Analysis of User and Merchant Dropoff for Sugar App Time Series

From Analytics Practicum
Revision as of 19:51, 17 April 2016 by Long.kang.2012 (talk | contribs)
Jump to navigation Jump to search

Home

 

Project Overview

 

Findings

 

Project Documentation

 

Project Management

Mid-Term Finals
Funnel Plot Analysis Time Series Analysis Geospatial Analysis
Abstract

A two-sided market is defined as a platform enabling two groups of end-users to interact with each other while the platforms charges for transactions made between the groups. In such a market, each additional User should attract more Merchants and vice versa, a.k.a. the network effect. While many papers on two-sided markets exist, little of them test for network effects for ecommerce. This paper tests the presence of network effects and solves the chicken-or-egg problem by examining the relationship of Users, Merchants and Revenue. This is done by a unique dataset provided by a location-based deals mobile app.
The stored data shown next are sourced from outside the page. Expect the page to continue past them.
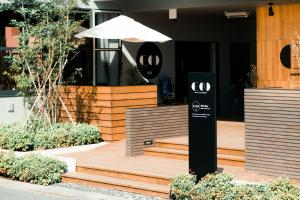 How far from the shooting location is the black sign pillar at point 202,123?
8812 mm

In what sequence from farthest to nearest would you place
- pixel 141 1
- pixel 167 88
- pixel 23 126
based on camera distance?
1. pixel 167 88
2. pixel 141 1
3. pixel 23 126

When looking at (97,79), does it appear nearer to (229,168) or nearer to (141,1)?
(141,1)

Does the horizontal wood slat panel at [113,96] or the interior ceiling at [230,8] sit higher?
the interior ceiling at [230,8]

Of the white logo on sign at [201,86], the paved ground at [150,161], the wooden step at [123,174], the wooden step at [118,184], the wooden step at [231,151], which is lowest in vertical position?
the wooden step at [118,184]

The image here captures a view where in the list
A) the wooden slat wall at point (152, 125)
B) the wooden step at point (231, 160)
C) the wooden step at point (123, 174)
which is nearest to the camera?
the wooden step at point (123, 174)

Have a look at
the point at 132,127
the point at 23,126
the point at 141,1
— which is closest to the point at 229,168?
the point at 132,127

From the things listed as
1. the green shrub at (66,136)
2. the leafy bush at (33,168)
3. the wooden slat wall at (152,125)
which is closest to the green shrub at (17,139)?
the green shrub at (66,136)

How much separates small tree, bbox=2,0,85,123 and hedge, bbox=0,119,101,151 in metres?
0.37

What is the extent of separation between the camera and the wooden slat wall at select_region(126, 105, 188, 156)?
11.8m

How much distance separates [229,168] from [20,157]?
3.99 m

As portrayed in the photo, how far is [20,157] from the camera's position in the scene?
1121 centimetres

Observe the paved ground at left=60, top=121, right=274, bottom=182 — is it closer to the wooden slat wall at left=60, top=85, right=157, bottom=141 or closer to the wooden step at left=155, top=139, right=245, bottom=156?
the wooden step at left=155, top=139, right=245, bottom=156

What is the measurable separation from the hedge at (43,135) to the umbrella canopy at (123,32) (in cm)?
212

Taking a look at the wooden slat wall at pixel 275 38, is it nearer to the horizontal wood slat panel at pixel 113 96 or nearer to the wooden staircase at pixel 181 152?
the horizontal wood slat panel at pixel 113 96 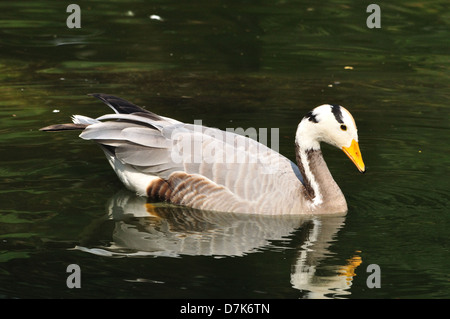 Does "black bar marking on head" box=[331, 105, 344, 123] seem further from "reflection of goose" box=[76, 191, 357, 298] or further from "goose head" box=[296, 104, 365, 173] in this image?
"reflection of goose" box=[76, 191, 357, 298]

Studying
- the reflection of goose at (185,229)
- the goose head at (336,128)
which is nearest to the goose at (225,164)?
the goose head at (336,128)

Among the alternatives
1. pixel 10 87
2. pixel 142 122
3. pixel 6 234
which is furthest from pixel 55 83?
pixel 6 234

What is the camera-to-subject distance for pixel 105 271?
7.58 meters

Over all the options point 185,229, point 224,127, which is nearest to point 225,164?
point 185,229

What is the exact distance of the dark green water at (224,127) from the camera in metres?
7.63

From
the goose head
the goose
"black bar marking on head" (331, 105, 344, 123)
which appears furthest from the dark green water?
"black bar marking on head" (331, 105, 344, 123)

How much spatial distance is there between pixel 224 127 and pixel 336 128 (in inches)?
127

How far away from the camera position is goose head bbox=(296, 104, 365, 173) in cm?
896

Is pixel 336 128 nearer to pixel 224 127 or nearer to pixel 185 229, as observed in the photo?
pixel 185 229

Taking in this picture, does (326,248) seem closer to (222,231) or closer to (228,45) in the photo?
(222,231)

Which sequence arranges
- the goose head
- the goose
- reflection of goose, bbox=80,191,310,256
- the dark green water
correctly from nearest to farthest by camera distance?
the dark green water, reflection of goose, bbox=80,191,310,256, the goose head, the goose

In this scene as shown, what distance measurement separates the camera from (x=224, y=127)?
39.3ft

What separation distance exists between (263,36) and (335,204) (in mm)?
8127

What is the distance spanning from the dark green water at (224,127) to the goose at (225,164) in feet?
0.75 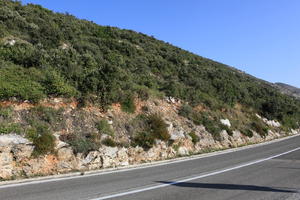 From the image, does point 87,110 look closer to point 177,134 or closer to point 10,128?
point 10,128

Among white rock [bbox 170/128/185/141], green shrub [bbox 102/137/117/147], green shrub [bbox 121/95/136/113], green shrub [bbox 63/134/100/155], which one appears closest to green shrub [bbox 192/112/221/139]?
white rock [bbox 170/128/185/141]

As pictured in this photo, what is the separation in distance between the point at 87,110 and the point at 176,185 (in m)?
7.48

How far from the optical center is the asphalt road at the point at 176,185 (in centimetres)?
725

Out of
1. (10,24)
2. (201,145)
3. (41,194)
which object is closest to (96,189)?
(41,194)

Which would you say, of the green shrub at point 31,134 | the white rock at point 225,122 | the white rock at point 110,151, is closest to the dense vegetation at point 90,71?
the white rock at point 225,122

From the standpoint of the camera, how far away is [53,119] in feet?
41.5

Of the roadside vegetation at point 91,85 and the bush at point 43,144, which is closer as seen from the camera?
the bush at point 43,144

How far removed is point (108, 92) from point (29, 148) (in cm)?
610

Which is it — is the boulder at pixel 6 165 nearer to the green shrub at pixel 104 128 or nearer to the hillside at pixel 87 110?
the hillside at pixel 87 110

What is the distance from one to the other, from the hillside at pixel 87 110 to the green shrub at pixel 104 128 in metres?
0.05

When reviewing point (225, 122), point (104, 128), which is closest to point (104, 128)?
point (104, 128)

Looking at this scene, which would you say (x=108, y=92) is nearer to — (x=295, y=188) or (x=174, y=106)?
(x=174, y=106)

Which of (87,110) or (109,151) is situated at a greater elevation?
(87,110)

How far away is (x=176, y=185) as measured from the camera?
8477 millimetres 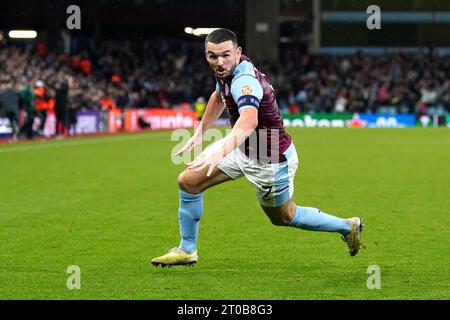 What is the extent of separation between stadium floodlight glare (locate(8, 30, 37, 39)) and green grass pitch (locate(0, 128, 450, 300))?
2764 cm

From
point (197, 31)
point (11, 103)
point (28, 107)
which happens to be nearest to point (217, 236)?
point (11, 103)

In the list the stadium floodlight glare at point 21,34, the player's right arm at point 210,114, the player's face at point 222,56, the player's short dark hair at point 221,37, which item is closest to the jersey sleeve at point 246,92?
the player's face at point 222,56

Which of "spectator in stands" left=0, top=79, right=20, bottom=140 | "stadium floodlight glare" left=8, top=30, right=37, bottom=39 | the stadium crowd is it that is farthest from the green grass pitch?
"stadium floodlight glare" left=8, top=30, right=37, bottom=39

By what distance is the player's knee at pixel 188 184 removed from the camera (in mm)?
8258

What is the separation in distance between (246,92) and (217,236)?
143 inches

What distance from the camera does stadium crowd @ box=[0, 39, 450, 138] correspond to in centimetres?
4688

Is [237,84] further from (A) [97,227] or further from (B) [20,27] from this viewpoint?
(B) [20,27]

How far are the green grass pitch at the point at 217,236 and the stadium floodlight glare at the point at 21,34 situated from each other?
90.7 feet

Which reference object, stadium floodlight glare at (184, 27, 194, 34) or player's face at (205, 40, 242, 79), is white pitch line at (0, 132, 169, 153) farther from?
player's face at (205, 40, 242, 79)

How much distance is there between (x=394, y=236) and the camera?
10828 millimetres

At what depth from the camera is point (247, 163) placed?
8281 mm

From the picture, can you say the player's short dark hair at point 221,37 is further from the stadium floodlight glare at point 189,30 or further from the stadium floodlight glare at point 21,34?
the stadium floodlight glare at point 189,30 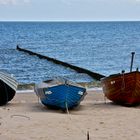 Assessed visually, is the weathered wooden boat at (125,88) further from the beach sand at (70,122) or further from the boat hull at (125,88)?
the beach sand at (70,122)

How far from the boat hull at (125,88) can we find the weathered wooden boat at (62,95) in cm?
138

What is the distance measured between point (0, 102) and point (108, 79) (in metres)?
3.93

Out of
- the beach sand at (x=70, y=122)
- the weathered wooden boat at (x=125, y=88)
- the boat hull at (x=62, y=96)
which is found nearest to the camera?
the beach sand at (x=70, y=122)

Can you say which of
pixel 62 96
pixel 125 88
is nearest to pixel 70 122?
pixel 62 96

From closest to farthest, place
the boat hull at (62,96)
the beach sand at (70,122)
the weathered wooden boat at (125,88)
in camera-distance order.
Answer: the beach sand at (70,122)
the boat hull at (62,96)
the weathered wooden boat at (125,88)

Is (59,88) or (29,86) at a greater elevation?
(59,88)

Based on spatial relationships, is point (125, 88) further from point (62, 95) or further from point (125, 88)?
point (62, 95)

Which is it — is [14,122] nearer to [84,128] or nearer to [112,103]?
[84,128]

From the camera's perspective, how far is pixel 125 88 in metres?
16.9

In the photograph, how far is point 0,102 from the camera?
665 inches

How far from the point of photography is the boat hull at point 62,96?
1584 centimetres

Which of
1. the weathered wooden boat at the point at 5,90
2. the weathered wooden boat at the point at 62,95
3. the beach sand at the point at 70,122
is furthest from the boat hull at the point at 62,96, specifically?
the weathered wooden boat at the point at 5,90

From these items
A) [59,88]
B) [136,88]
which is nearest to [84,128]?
[59,88]

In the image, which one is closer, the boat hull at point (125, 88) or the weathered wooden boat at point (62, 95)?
the weathered wooden boat at point (62, 95) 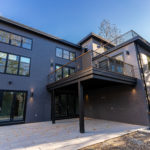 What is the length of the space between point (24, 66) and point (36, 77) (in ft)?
3.75

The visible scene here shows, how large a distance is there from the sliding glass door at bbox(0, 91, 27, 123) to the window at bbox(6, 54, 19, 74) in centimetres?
143

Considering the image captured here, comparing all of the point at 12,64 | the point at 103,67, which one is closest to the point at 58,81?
the point at 12,64

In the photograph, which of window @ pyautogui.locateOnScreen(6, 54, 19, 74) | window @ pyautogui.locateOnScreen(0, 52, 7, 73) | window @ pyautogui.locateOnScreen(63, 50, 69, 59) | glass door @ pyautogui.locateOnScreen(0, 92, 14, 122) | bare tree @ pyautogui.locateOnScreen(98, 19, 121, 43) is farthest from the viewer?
bare tree @ pyautogui.locateOnScreen(98, 19, 121, 43)

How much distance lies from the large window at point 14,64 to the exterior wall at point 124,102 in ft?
18.9

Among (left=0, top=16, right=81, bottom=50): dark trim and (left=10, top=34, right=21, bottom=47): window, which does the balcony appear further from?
(left=10, top=34, right=21, bottom=47): window

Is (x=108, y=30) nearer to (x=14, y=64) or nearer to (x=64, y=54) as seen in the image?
(x=64, y=54)

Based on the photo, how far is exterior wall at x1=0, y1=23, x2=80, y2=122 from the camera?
22.5 ft

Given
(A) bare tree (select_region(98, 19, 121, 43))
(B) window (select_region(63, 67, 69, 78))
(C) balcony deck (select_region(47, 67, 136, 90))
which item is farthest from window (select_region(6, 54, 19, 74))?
(A) bare tree (select_region(98, 19, 121, 43))

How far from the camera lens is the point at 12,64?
22.9 feet

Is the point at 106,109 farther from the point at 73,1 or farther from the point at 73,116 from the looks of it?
the point at 73,1

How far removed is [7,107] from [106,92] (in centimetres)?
674

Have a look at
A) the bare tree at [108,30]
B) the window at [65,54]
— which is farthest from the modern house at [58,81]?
the bare tree at [108,30]

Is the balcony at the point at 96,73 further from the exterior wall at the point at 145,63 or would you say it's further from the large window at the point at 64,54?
the large window at the point at 64,54

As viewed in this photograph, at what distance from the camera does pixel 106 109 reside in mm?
7602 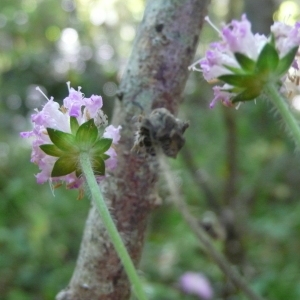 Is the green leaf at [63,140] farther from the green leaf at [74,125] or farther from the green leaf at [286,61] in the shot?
the green leaf at [286,61]

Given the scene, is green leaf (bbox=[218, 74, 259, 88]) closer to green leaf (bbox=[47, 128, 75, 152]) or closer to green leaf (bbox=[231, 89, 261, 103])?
green leaf (bbox=[231, 89, 261, 103])

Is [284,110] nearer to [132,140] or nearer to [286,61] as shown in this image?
[286,61]

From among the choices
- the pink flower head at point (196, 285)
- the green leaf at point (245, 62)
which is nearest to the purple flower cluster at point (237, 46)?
the green leaf at point (245, 62)

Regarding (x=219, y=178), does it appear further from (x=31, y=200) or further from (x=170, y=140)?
(x=170, y=140)

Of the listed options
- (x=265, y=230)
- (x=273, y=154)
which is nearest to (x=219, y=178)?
(x=273, y=154)

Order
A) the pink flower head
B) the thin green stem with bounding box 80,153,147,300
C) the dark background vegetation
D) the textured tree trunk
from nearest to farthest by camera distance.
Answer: the thin green stem with bounding box 80,153,147,300
the textured tree trunk
the pink flower head
the dark background vegetation

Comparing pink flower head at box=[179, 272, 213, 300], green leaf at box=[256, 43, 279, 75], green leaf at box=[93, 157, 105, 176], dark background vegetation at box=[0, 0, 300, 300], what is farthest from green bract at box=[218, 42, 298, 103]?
pink flower head at box=[179, 272, 213, 300]

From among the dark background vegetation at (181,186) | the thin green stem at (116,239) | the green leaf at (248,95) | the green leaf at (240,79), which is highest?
the dark background vegetation at (181,186)
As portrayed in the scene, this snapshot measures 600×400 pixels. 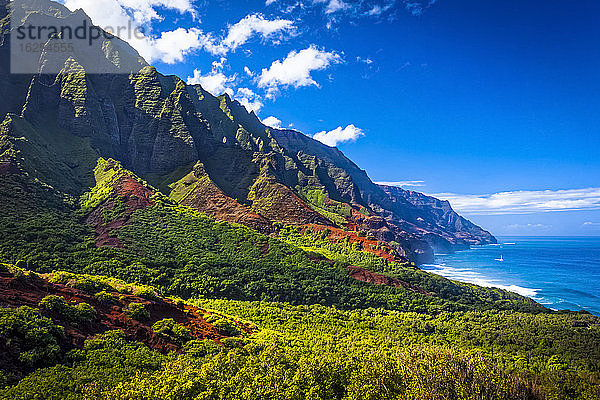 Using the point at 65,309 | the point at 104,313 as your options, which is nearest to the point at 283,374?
the point at 104,313

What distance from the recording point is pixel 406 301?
8631cm

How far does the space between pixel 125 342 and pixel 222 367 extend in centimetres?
1100

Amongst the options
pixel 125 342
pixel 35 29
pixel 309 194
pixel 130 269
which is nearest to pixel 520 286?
pixel 309 194

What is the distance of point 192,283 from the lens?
244 feet

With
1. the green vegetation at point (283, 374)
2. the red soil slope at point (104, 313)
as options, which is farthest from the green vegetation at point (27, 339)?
the red soil slope at point (104, 313)

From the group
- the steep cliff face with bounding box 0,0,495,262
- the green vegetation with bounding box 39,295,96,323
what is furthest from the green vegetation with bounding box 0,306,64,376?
the steep cliff face with bounding box 0,0,495,262

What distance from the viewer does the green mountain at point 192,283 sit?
88.3 ft

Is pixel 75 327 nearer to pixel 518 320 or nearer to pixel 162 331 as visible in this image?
pixel 162 331

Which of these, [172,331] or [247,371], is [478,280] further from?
[247,371]

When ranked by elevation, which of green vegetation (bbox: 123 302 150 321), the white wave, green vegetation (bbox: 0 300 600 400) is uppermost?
green vegetation (bbox: 123 302 150 321)

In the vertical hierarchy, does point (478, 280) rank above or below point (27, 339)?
below

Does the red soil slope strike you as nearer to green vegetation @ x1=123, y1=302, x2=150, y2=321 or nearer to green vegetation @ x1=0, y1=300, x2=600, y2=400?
green vegetation @ x1=123, y1=302, x2=150, y2=321

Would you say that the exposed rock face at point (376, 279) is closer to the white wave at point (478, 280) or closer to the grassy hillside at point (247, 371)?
the grassy hillside at point (247, 371)

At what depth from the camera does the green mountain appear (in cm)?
2691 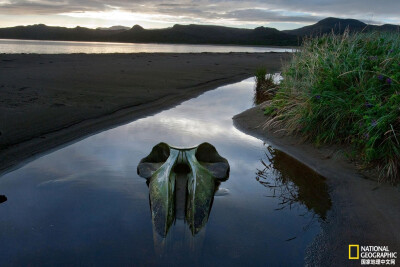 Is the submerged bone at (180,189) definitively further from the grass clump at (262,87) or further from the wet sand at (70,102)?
the grass clump at (262,87)

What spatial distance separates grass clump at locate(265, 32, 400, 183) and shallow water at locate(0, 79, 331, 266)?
34.9 inches

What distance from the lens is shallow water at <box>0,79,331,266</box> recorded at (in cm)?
301

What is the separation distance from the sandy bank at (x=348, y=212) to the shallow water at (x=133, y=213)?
0.14m

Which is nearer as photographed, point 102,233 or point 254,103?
point 102,233

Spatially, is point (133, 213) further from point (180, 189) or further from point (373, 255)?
point (373, 255)

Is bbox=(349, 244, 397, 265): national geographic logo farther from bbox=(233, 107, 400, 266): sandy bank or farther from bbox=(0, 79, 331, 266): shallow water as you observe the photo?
bbox=(0, 79, 331, 266): shallow water

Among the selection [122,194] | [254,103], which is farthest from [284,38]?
[122,194]

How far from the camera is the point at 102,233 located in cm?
329

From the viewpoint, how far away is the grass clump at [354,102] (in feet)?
15.6

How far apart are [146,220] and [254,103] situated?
8.00 m

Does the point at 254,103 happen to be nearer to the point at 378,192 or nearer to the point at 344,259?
the point at 378,192

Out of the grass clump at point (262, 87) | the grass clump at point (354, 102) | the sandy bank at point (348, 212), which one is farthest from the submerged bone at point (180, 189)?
the grass clump at point (262, 87)

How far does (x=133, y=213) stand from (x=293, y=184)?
223 cm

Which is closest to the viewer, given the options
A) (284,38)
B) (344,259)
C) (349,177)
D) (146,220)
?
(344,259)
Aggregating transactional data into 97 rows of weekly number of Users, Merchants and Revenue, we constructed three multiple linear regression models on time series data to test the hypotheses. Results show that network effects are not present. Additional Merchants are associated with increased Users. However, additional Users are not associated with additional Merchants. Solving the chicken-or-egg problem, results show that additional Users, not Merchants, are associated with more Revenue. From this, we derived two recommendations for the app. Firstly, they can allocate more resources on user acquisition than merchant acquisition. Secondly, the app should attempt to increase its network effect via reducing information asymmetry. On top of that, we created a prediction model that is able to predict the end-of-month revenue with a R-squared value of 0.87 given user data.


Business Motivations and Objectives

Literature Review

Two-Sided market

The definition of a two-sided market is broadly about getting two sides “on board”, but such a definition may not be restrictive enough (Rochet & Tirole, 2004). Current definition of multi-sided platforms may be too inclusive or broad (Hagiu & Wright, 2015). However, 2 key features are present in multi-sided platforms and not in other businesses: (1) enabling direct intercommunication between two or more sides, (2) each side has a relationship with the platform (Hagiu & Wright, 2015). Rochet & Tirole(2004) defined it as a two-sided market if the platform can change the volume of transactions by charging one side of the market and subsidizing the price paid by the other side by an equal amount.

For networks effects, it can be positive or negative, cross-sided or same sided or cross side. Same-sided network effects refer to effects that affect the group it originates from, for example, an additional fax machine makes the whole network more valuable for everyone who owns a fax machine. Cross-sided network effects are when one side of a multi-sided market affects the other side and it can be either positive or negative. An example of negative cross-sided network effects can be found in the media industry, where the advertisers will exert a negative effect on the number of users because they are averse to additional advertisements (Reisinger, 2004). A positive cross-sided network effect is one where one group fuel demands of the other in a positive manner, creating a virtuous cycle (Eisenmann, Parker & Van Alstyne, 2006).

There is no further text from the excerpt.